UTC Aerospace Systems (UTAS) hopes to close a possible future gap in the UK’s tactical reconnaissance capability, ahead of the planned retirement of the Royal Air Force’s last Panavia Tornado GR4s in 2019.
The Tornado can carry the UTAS-produced Raptor pod, which incorporates the company’s DB-110 sensor, but this is too large in its current guise for integration with the Eurofighter Typhoon. As a result, UTAS is pursuing the use of a smaller pod that could be used by the multirole type, says Stephen Trimble, the company’s director of processing, exploitation and dissemination technology systems.

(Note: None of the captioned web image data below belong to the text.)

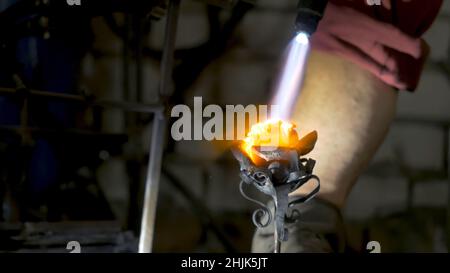 Il fabbro allinea le foglie di ferro rosa e fa la forma finale del fiore. Il fabbro fa rosa di ferro. Foto Stock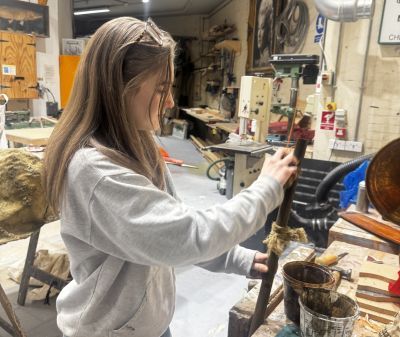 Design Realisation student El green working on prop for Pirate themed film set.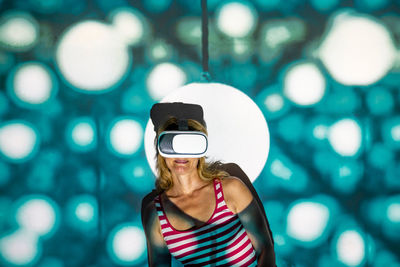 Unrecognizable young female in casual wear and vr headset getting new experience and touching virtual object in room with colorful projector illumination
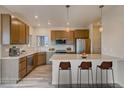Modern kitchen featuring stainless steel appliances, granite countertops, and a breakfast bar with seating at 862 W 129Th Pl, Westminster, CO 80234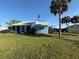 Inviting blue home with arched entry, healthy lawn, and mature palms, creating a picturesque setting at 519 Bellaire Dr, Venice, FL 34293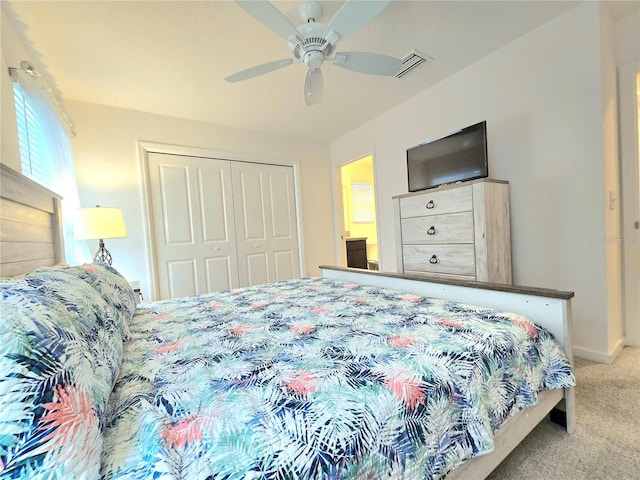 bedroom with a closet, ceiling fan, and carpet floors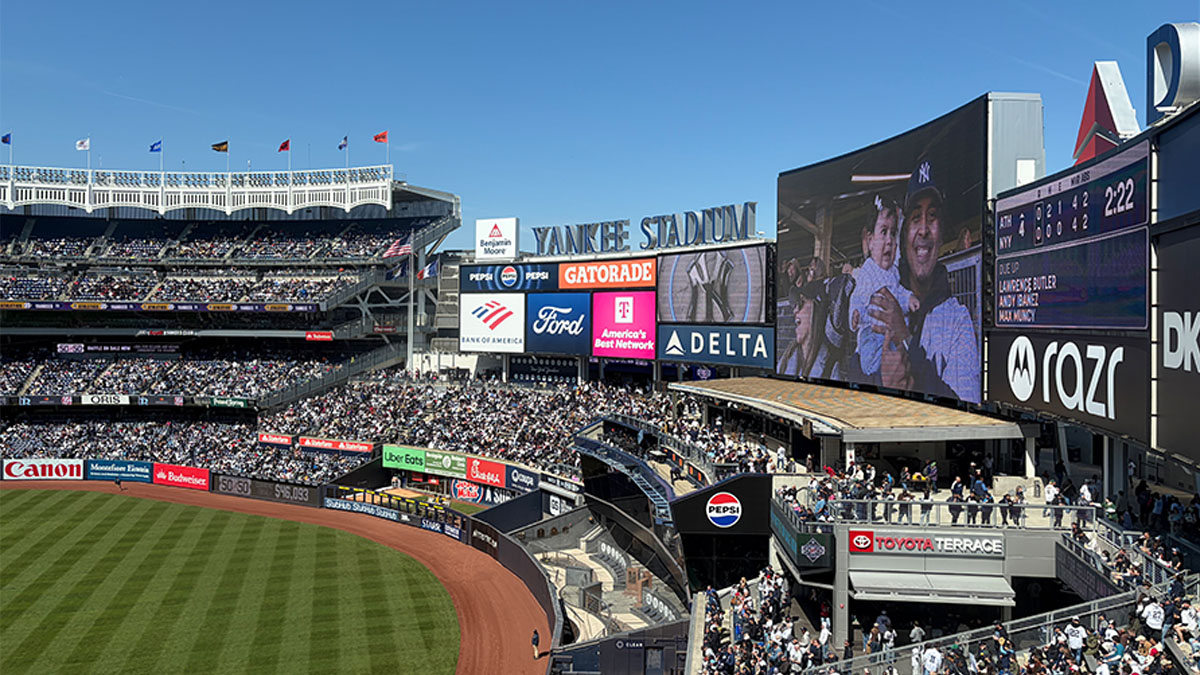 View of outfield of Yankee Stadium, with video board visible at the center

“We have done the studies, and it will fit on Typhoon,” he says of the new pod design. However, the integration of the DB-110 onto the type is not among a range of currently funded capability enhancements, which will include Tornado-carried weapons such as MBDA’s Storm Shadow cruise missile.
Further details of the UK’s intelligence, surveillance and reconnaissance priorities are expected to be outlined in a new Strategic Defence and Security Review, which will be released around October, but RAF commanders have said there will be no capability gaps left following the Tornado’s retirement.
Meanwhile, UTAS is further developing the DB-110 system’s capabilities, with Trimble saying that a multi-spectral sensor “should be ready in the next year”. The company is also working with Selex ES in the UK to integrate one of the latter’s synthetic aperture radars using the same pod design. This would provide operators with an all-weather reconnaissance capability.
Trimble says the product development work is being pursued “based on feedback from 15 years of operating the DB-110”. Around 70 pods are in current use, with orders having come from Greece, Iraq, Japan, Morocco, Oman, Pakistan, Poland, Saudi Arabia, Turkey, the United Arab Emirates and the UK.